= Exercise directions =
Begin at the line containing "T-shirts: Save the" in the records below, end at the line containing "#RestBitty https://t.co/geJVou1NZt", and retype each line in that span exactly. No other line and no image should appear.

= Data supplied =
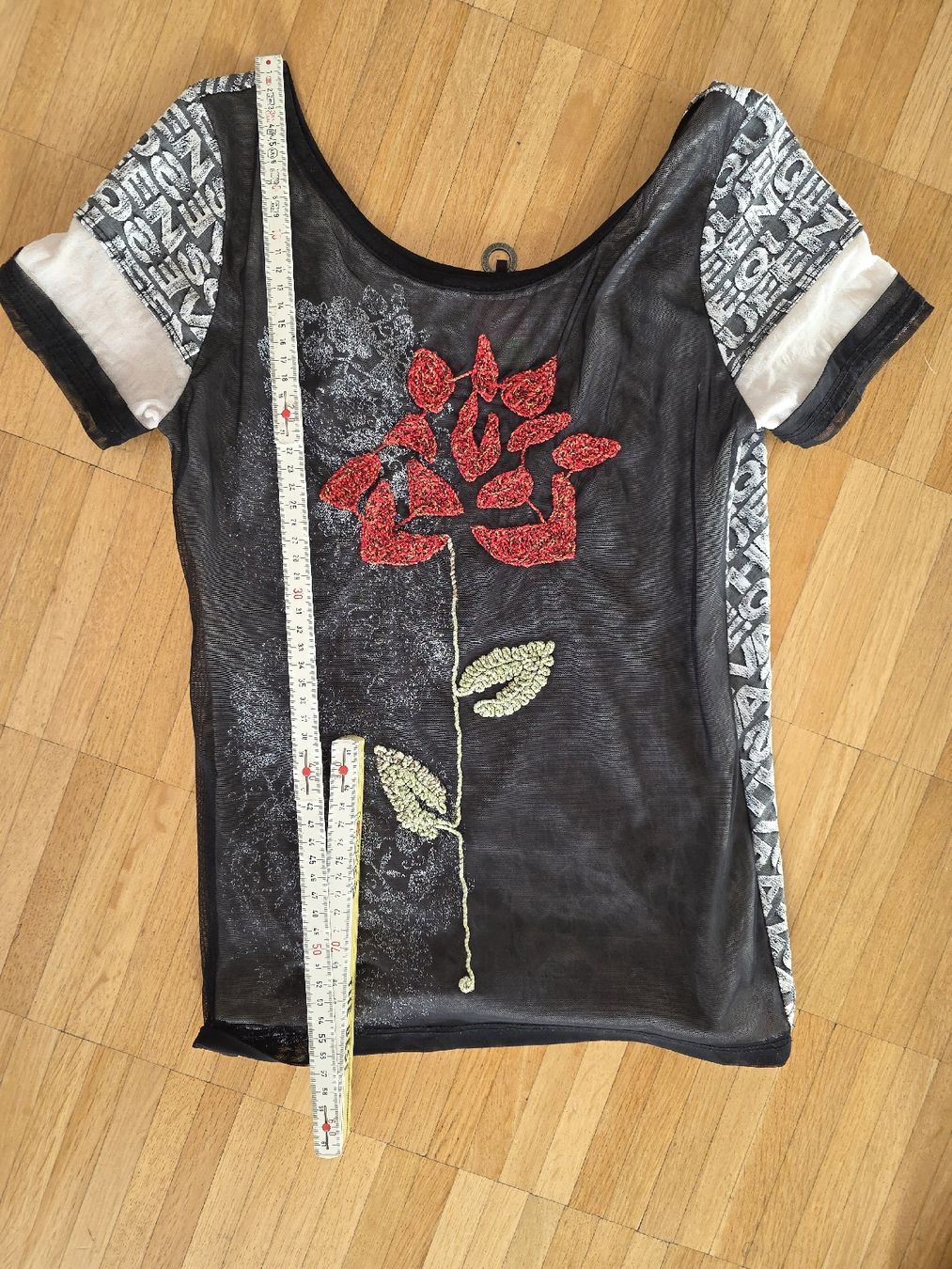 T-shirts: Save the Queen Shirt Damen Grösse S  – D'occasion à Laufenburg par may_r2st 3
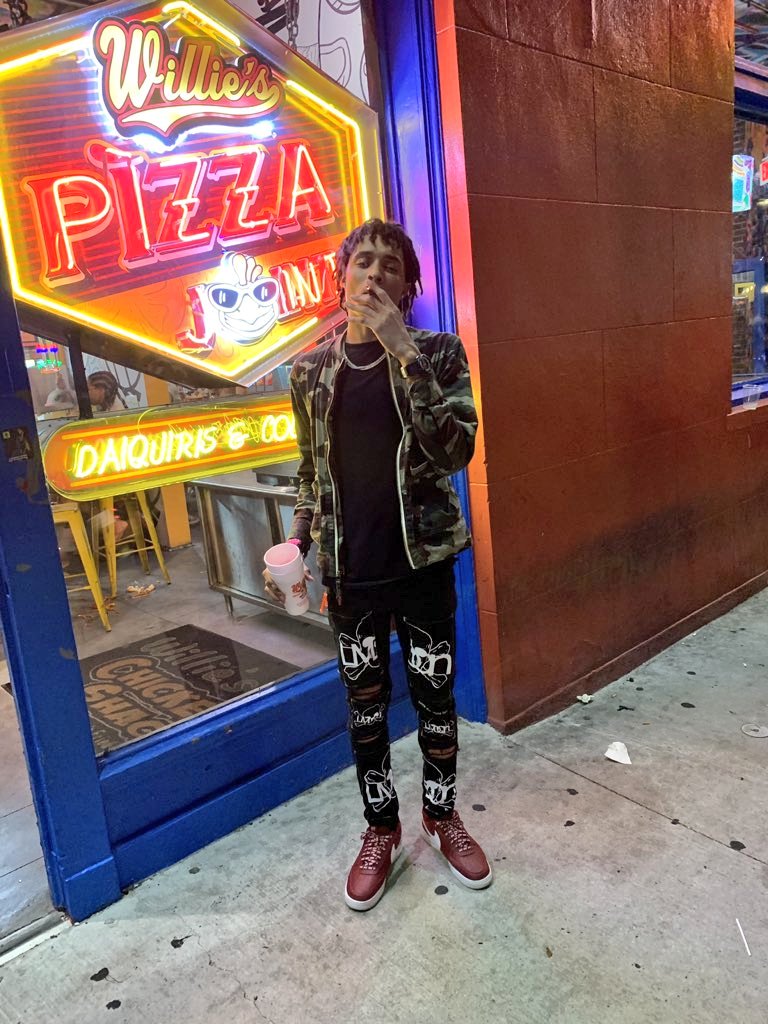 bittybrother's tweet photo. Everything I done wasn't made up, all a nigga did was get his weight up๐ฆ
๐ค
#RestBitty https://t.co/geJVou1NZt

==

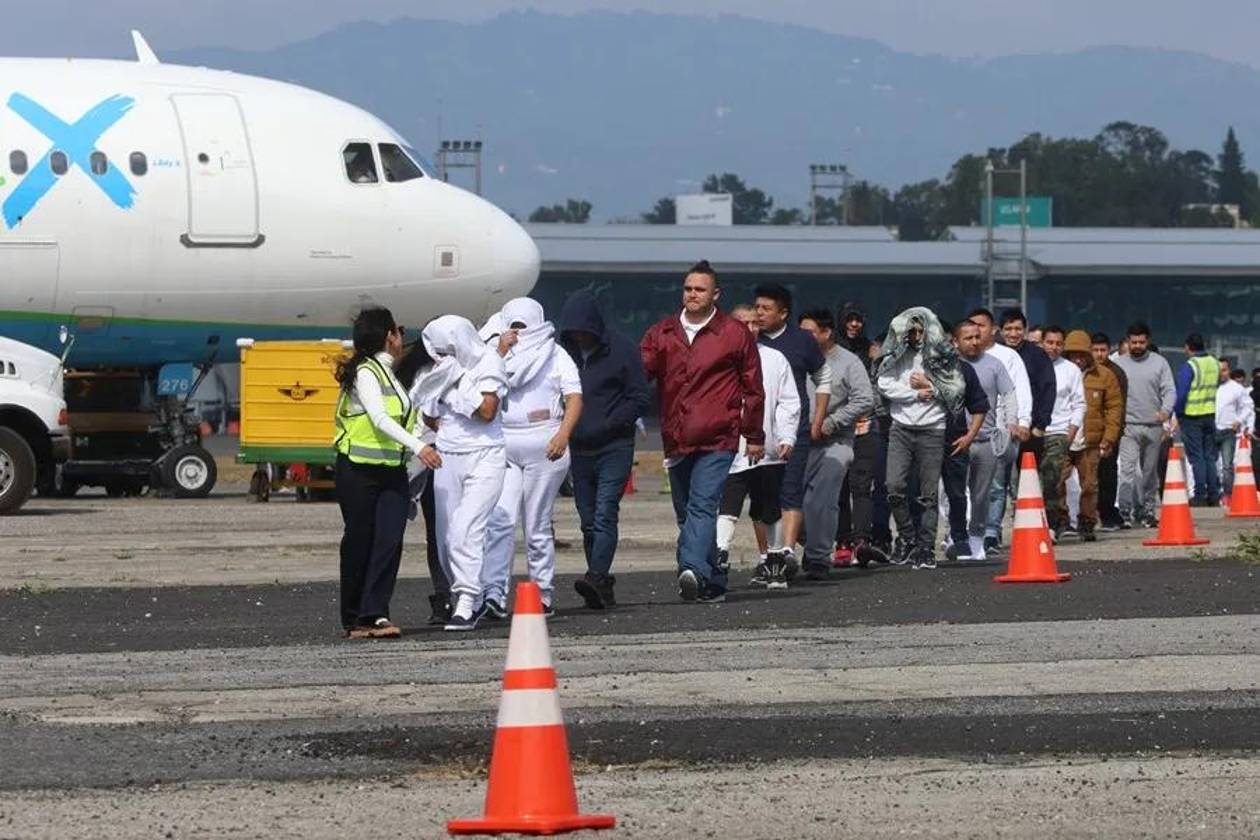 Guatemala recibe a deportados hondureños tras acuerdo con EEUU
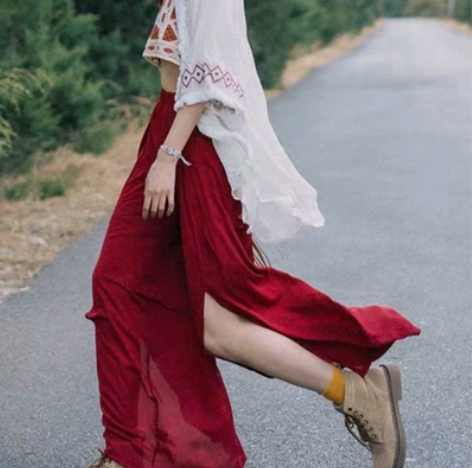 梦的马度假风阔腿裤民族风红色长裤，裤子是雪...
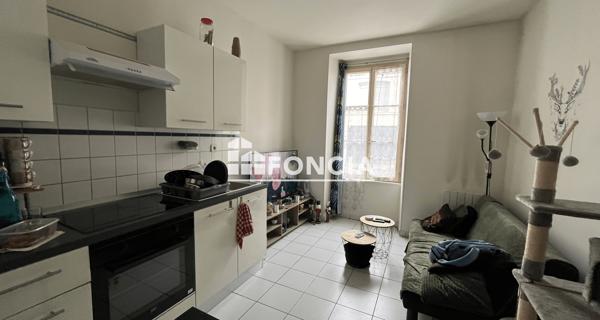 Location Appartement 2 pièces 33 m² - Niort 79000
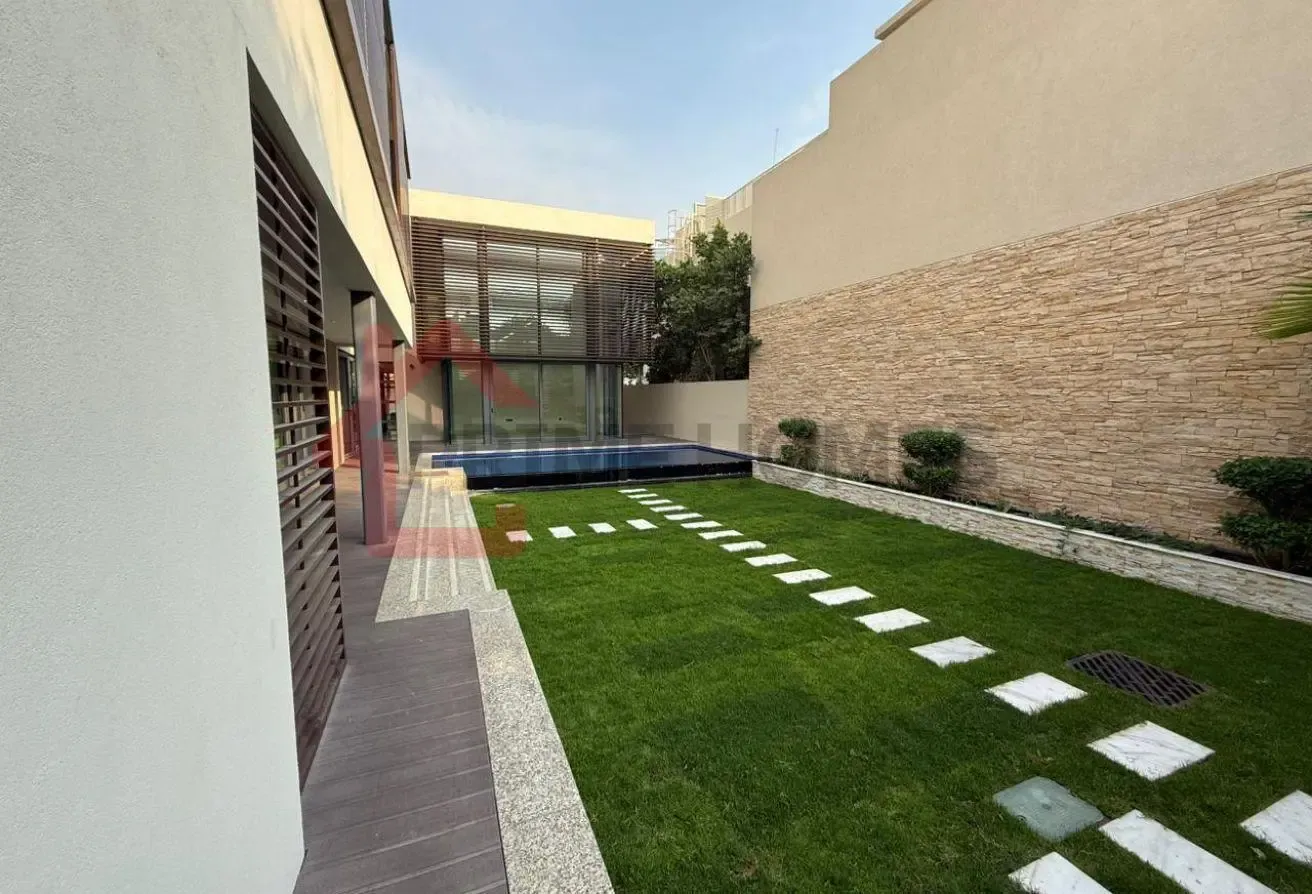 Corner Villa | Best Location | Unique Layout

= Exercise solution =
 T-shirts: Save the Queen Shirt Damen Grösse S  – D'occasion à Laufenburg par may_r2st 3
 bittybrother's tweet photo. Everything I done wasn't made up, all a nigga did was get his weight up๐ฆ
๐ค
#RestBitty https://t.co/geJVou1NZt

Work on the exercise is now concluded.